ENTRIES PROVIDED
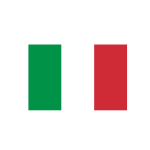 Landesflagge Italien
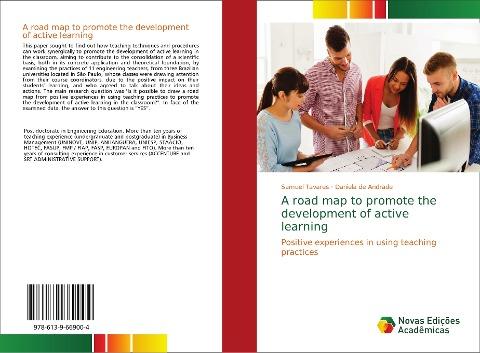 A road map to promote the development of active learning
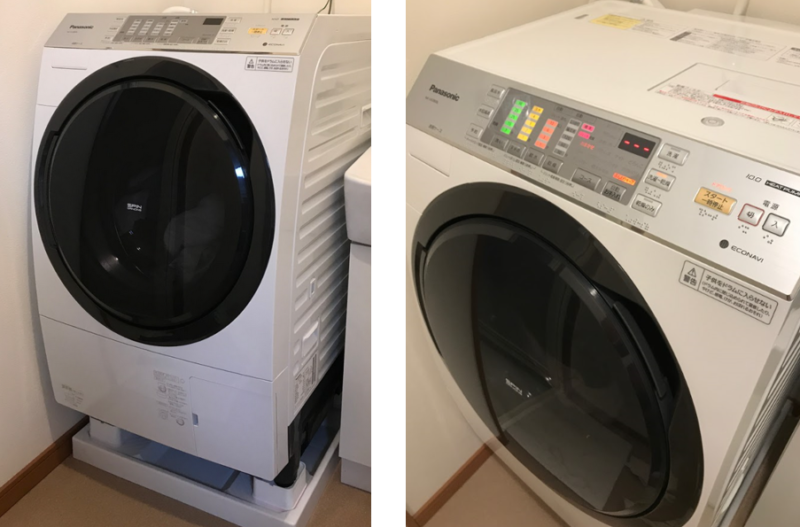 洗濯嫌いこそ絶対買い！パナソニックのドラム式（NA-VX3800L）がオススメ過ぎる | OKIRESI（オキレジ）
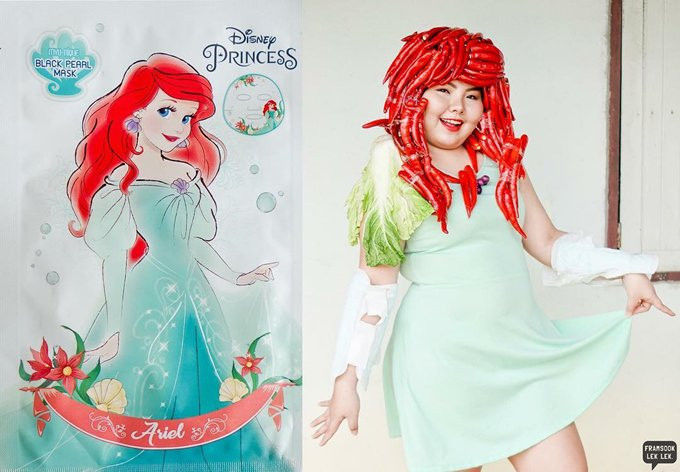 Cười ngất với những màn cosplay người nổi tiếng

---

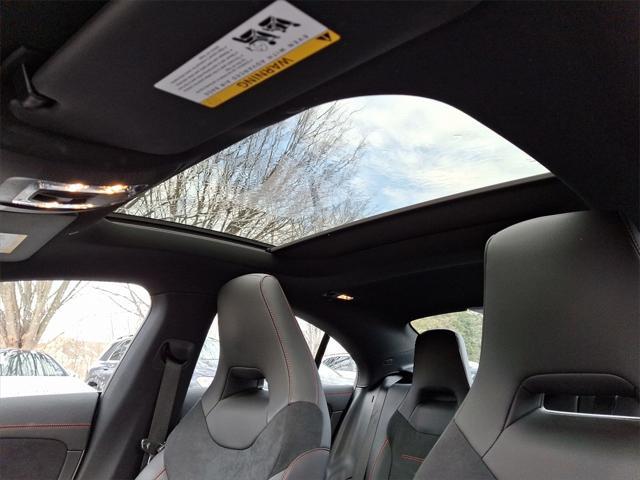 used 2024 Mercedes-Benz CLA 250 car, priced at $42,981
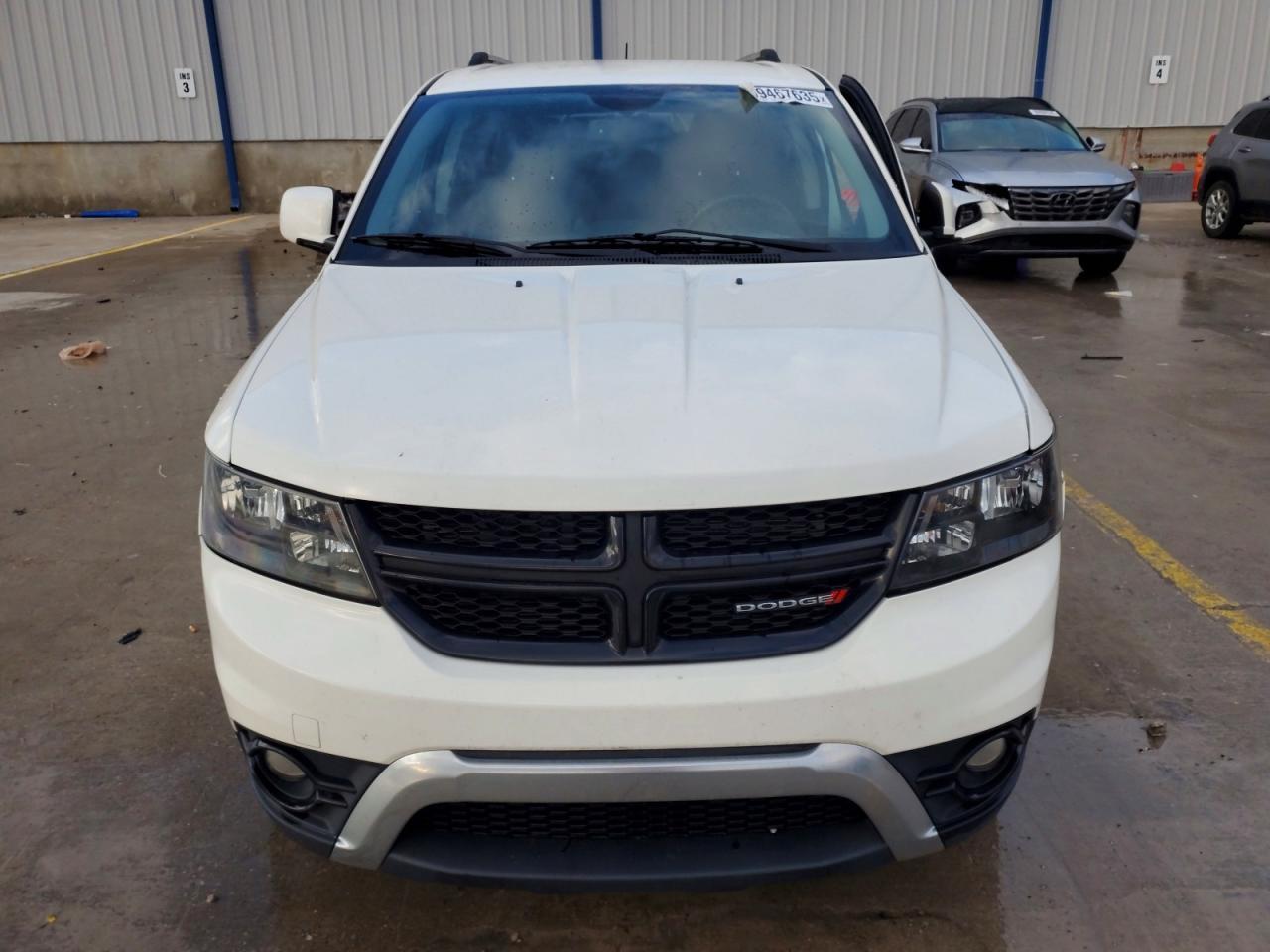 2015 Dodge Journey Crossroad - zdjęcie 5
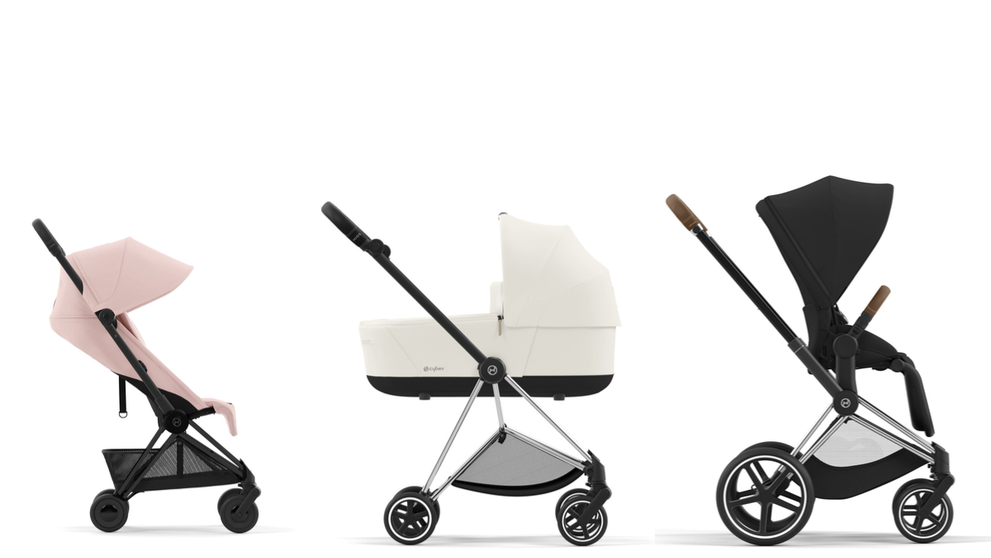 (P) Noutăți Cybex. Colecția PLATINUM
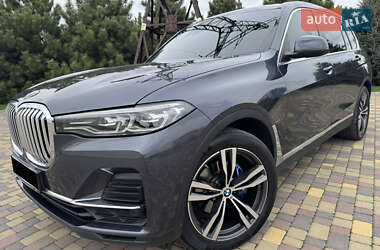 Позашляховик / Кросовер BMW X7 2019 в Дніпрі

* * *

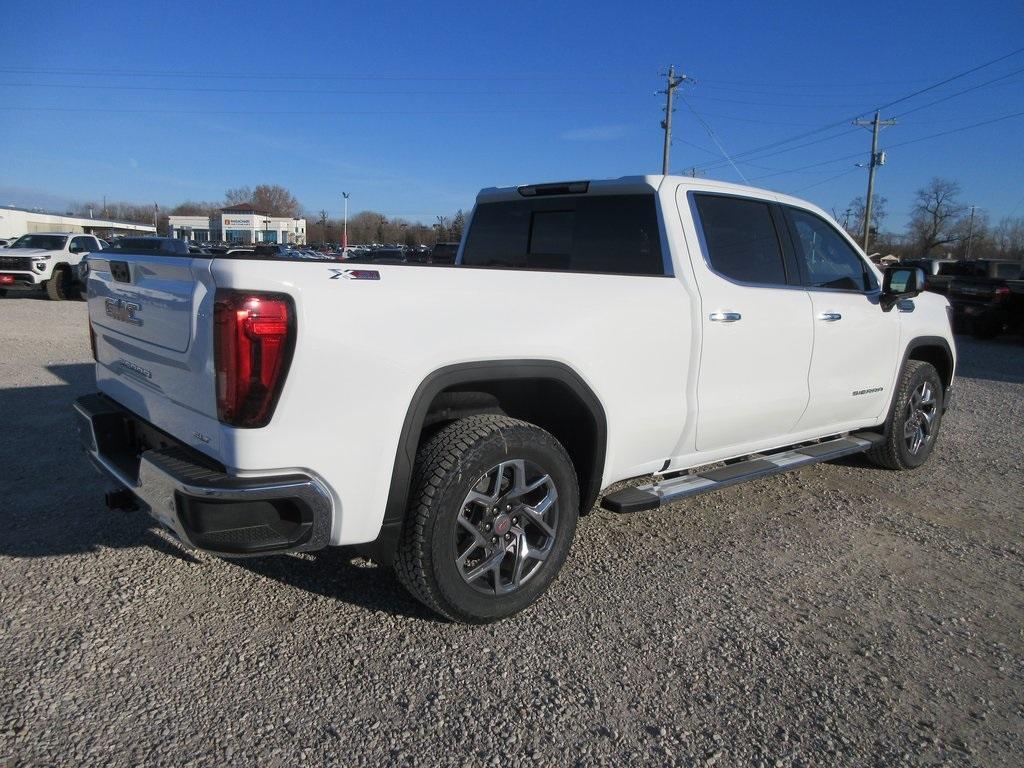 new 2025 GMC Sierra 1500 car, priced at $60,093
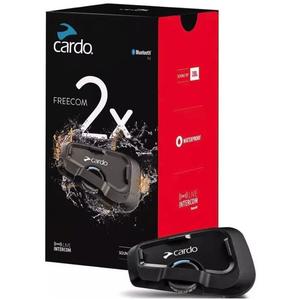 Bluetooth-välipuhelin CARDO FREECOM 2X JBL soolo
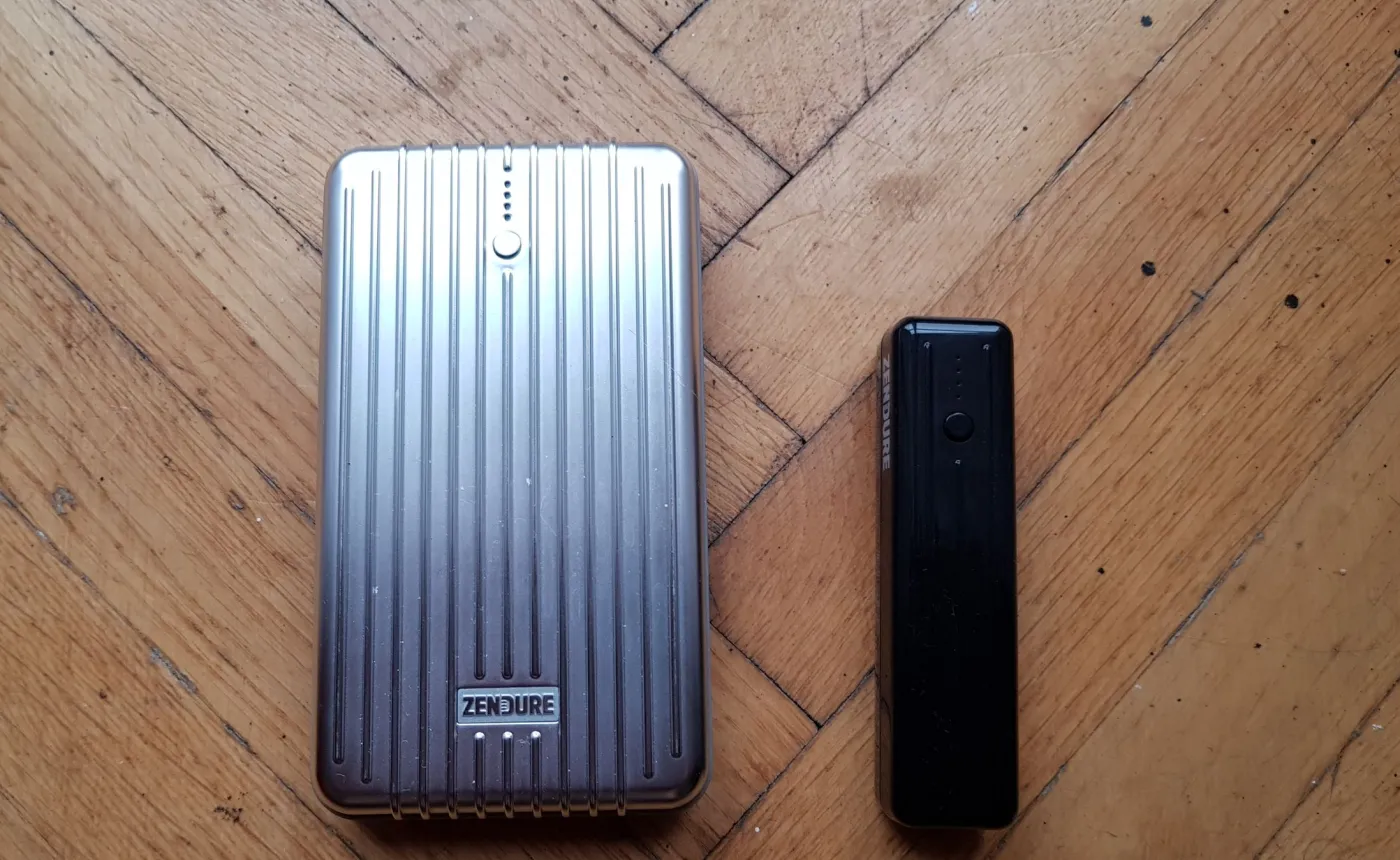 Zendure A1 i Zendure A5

PROBLEM TO SOLVE
"洗濯嫌いこそ絶対買い！パナソニックのドラム式（NA-VX3800L）がオススメ過ぎる | OKIRESI（オキレジ）" marks the first line to copy, and "Cười ngất với" marks the last. Repeat that stretch above exactly, with no pictures.

REPLY TO THE EXERCISE
 洗濯嫌いこそ絶対買い！パナソニックのドラム式（NA-VX3800L）がオススメ過ぎる | OKIRESI（オキレジ）
 Cười ngất với những màn cosplay người nổi tiếng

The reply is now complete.